Why would Vic do it? She was a pretty militant female, a master in ballistics, and she was also the first on both crime scenes. I had talked her into joining up about two years ago, when these boys had been handed down their suspended sentences. I looked down at the revolving lights, at the flickering shadows cast on the sides of the vehicles, and at Jacob’s shadow-smear that didn’t move. Her sense of justice just didn’t seem to fit. She didn’t have any reason to do it, and she wasn’t big, even if she had the hair.

Why would Turk do it? Just being a prick wasn’t enough, and the fact that I was looking forward to our next meeting like Grant did Gettysburg shouldn’t interfere with my abilities to investigate. Did he want my job bad enough to try and make me look this bad? None of it seemed likely, but he was big, his name was on Dave’s list, and he had the hair.

Why would Omar do it? Omar could make this shot, but what could his motivations be? I started thinking about which grade B actor would play Omar in the television movie of the week and quickly dropped it. But he was big enough, had the hair, had a Sharps, and knew how to shoot.

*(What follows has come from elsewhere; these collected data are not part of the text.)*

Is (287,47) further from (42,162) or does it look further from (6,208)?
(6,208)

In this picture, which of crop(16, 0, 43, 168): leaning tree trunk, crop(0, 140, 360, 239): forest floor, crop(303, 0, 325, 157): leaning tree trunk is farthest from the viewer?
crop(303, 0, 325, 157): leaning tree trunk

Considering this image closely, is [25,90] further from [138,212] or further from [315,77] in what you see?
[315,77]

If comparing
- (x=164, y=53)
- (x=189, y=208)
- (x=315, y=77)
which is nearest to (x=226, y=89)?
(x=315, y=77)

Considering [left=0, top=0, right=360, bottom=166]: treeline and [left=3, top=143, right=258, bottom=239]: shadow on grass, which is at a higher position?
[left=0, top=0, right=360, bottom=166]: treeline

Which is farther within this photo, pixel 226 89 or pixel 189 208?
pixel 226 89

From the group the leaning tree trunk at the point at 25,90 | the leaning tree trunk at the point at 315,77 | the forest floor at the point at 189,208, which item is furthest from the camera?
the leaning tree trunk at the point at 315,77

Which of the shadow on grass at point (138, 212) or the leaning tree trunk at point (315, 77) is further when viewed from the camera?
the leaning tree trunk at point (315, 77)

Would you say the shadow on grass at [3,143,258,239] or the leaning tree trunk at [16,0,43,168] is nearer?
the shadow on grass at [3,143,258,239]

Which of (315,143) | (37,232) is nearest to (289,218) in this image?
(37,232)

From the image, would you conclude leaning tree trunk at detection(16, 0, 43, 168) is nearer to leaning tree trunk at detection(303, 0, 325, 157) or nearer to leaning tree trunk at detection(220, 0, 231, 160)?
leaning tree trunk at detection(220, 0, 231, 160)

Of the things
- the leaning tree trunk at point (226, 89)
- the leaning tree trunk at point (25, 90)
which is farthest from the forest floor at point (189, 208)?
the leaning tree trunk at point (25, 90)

Why would Artie Small Song do it? And why wouldn’t he have used a rocket launcher or a bazooka? This spoke to the violent-death side of the case, and his family connections loomed large. Basic investigative technique was jumping up and down and screaming it was Artie. He was large, might have the weapon, and he had the hair.

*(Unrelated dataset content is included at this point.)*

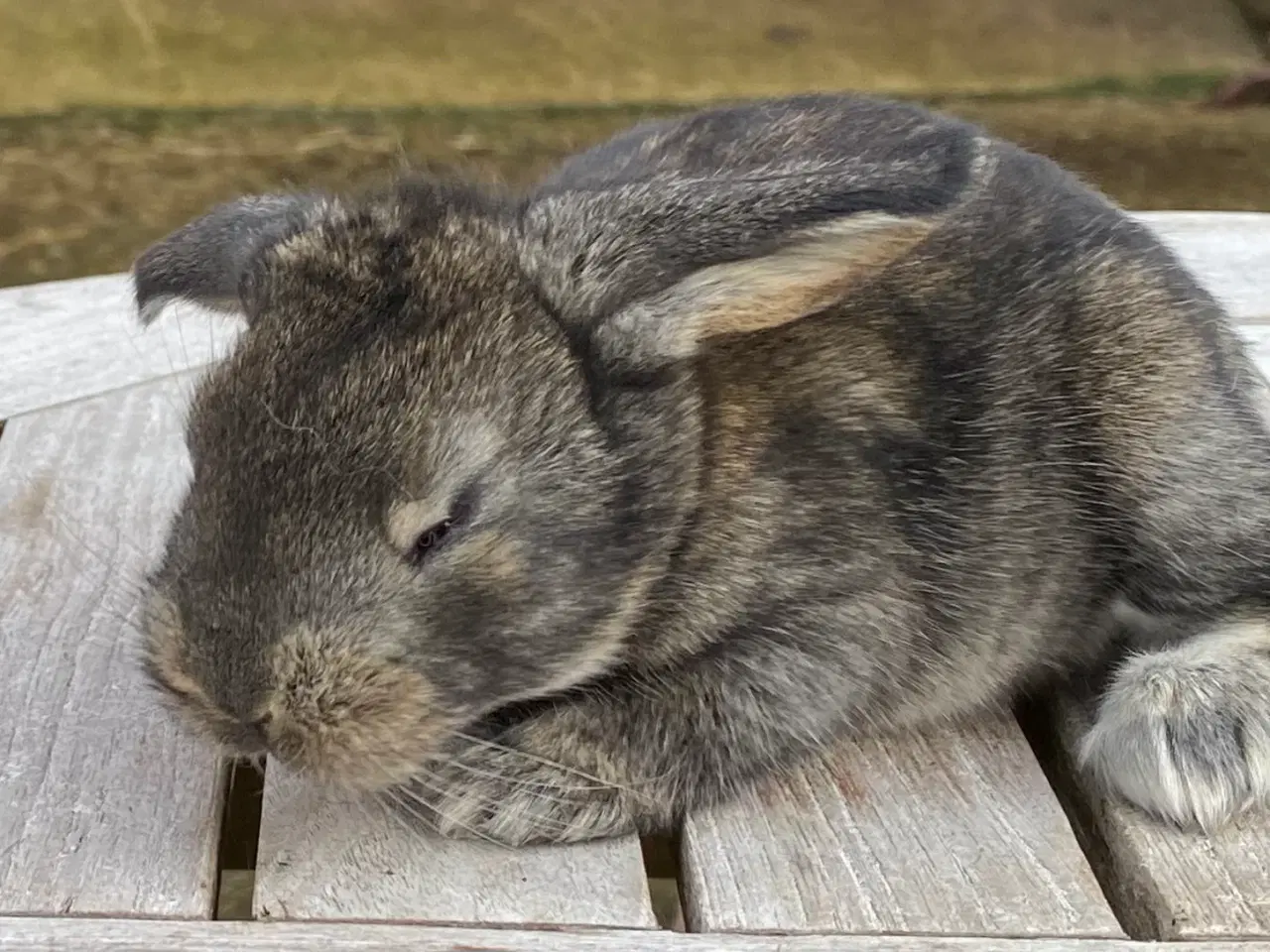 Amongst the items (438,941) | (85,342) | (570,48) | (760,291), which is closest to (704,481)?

Why would Henry do it? I didn’t believe he did, and that was all there was to it. But… he had been late running yesterday morning; he hadn’t gotten to my house until after eight. I thought back and tried to think of what time it had been when he arrived, but I didn’t have Al’s gift for chronographic pinpointing. If the Cheyenne Death Rifle was the one he used, how did he get it back to Lonnie in time? Two men could keep a secret if one of them is dead, or so the old saying goes, but I didn’t think it was possible to get from here to the Rez and back to my place in three hours.

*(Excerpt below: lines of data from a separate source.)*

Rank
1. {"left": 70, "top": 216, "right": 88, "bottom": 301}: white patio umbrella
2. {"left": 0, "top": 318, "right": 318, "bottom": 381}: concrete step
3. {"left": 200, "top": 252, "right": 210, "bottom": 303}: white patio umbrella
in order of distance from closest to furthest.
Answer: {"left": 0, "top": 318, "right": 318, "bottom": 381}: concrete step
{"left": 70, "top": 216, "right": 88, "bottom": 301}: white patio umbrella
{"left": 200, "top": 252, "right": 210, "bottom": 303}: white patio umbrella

I took one last look around, satisfied that I had done as much as I could, and started down the hill. By the time I got to the path, Al was making the return journey to his cabin. “Al, how long are you going to be here?” He truly was a vision atop his mule with his floral print trunks in full display.

“I was thinkin’ about getting the hell outta here tomorrow, but with all this stuff happenin’ I might just stick around.”

“Well, if you do decide to head back, would you mind checking in at my office? It’s down in Durant, behind the courthouse, or you can just give me a call.” I handed him a card. “This’s got my home phone on it, along with all the office numbers. If you think of anything else, anything at all, be sure to call me. There’ll probably be somebody over later to ask you the same questions and get your personal information. Do you want me to tell them to wait till the morning?”

“What time is it?”

I started to laugh, then pulled out my pocket watch. “Oh-two-hundred.”

“Aw, hell, it’s the shank of the evenin’. Send ’em on over.”

I got out of the mule’s way and started the long slog around the lake. When I got to the scene, Vic was warming up in her unit. I walked over and kneeled beside Jacob Esper. Something was bothering me, something had been niggling at me for the last few hours. I looked at the body and back over my shoulder. It was a clear shot and had planted the young man squarely against the side of the truck. How did the perpetrator get the feather onto the body? Granted, there seemed to have been long periods of Al’s drunkenness where somebody could’ve planted an entire aviary on Jacob, but it did add to the time that it would’ve taken Henry to complete the journey to my place. It was another reason my buddy couldn’t have done it, and I was feeling a little better. Even if I was feeling better, the niggling thought remained like an itch at the middle of my back. There was something here, something I’d seen that was out of my reach. I stared at Jacob Esper, just like I’d stared at Cody Pritchard, and I hoped like hell that I came up with better answers.